Molecular characterization of cross-kingdom RNA interference in Botrytis cinerea by tomato small RNAs

Previous studies have suggested that plants can modulate gene expression in pathogenic fungi by producing small RNAs (sRNAs) that can be translocated into the fungus and mediate gene silencing, which may interfere with the infection mechanism of the intruder. We sequenced sRNAs and mRNAs in early phases of the Solanum lycopersicum (tomato)-Botrytis cinerea interaction and examined the potential of plant sRNAs to silence their predicted mRNA targets in the fungus. Almost a million unique plant sRNAs were identified that could potentially target 97% of all fungal genes. We selected three fungal genes for detailed RT-qPCR analysis of the correlation between the abundance of specific plant sRNAs and their target mRNAs in the fungus.
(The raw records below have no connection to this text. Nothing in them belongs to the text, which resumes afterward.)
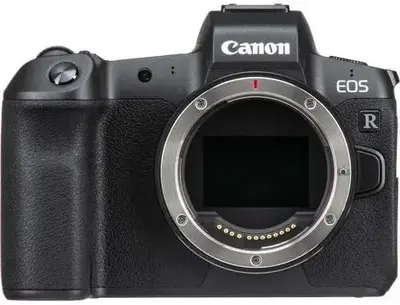 Canon 3075C002 Image
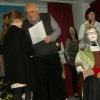 kruh_049.jpg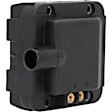 1814033 Ignition Coil, Sold Individually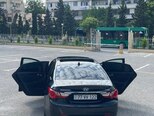 Hyundai Sonata-6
The fungal Bcspl1 gene, which had been reported to be important for the fungal virulence, showed transient down-regulation around 20 hours post inoculation and contained a unique target site for a single plant sRNA that was present at high levels. In order to study the functionality of this plant sRNA in reducing the Bcspl1 transcript level, we generated a fungal mutant that contained a 5-nucleotide substitution that would abolish the interaction between the transcript and the sRNA without changing the encoded protein sequence. The level of the mutant Bcspl1 transcript showed a transient decrease similar to wild type transcript, indicating that the tomato sRNA was not responsible for the downregulation of the Bcspl1 transcript. The virulence of the Bcspl1 target site mutant was identical to the wild type fungus.